--- DATA RECORDS Enclosed Below ---
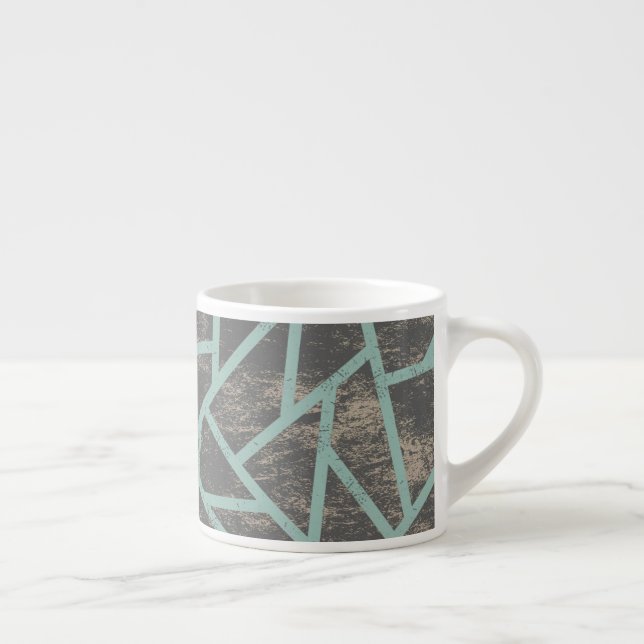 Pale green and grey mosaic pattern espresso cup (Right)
--- End of Enclosed DATA RECORDS ---
--- DATA RECORDS Enclosed Below ---
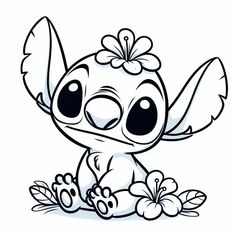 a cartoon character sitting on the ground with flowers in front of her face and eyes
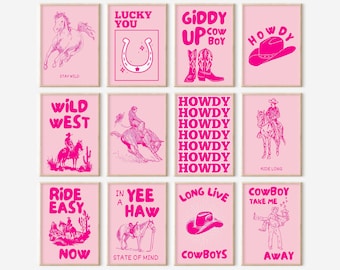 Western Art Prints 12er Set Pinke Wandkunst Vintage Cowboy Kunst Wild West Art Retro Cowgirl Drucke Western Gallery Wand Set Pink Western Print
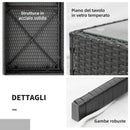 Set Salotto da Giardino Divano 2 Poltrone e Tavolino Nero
--- End of Enclosed DATA RECORDS ---
--- DATA RECORDS Enclosed Below ---
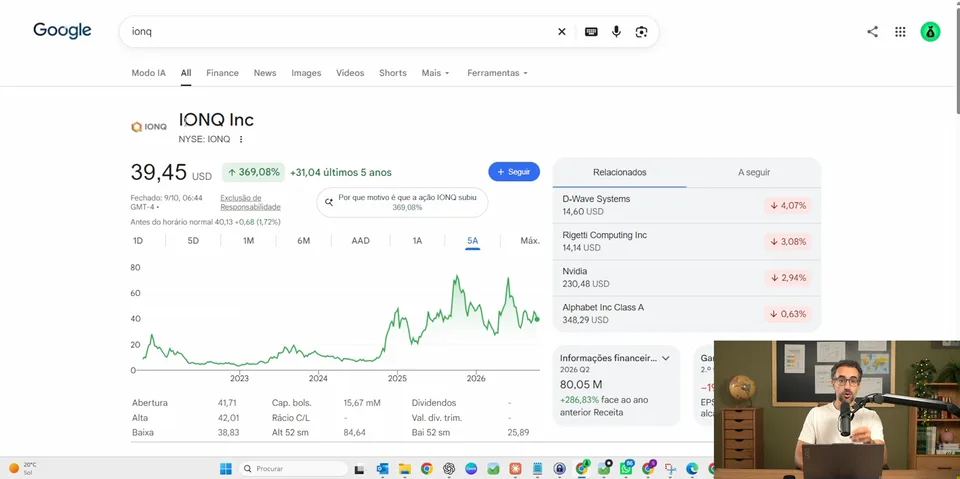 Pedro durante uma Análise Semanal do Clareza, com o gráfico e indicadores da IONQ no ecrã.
--- End of Enclosed DATA RECORDS ---
• WORK TO COMPLETE: Using the data above, set down each line from the line with "a cartoon character" to the line with "Set Salotto da" exactly, both ends included, and leave the pictures behind. Nothing else belongs.

• ANSWER TO THIS PROBLEM:
 a cartoon character sitting on the ground with flowers in front of her face and eyes
 Western Art Prints 12er Set Pinke Wandkunst Vintage Cowboy Kunst Wild West Art Retro Cowgirl Drucke Western Gallery Wand Set Pink Western Print
 Set Salotto da Giardino Divano 2 Poltrone e Tavolino Nero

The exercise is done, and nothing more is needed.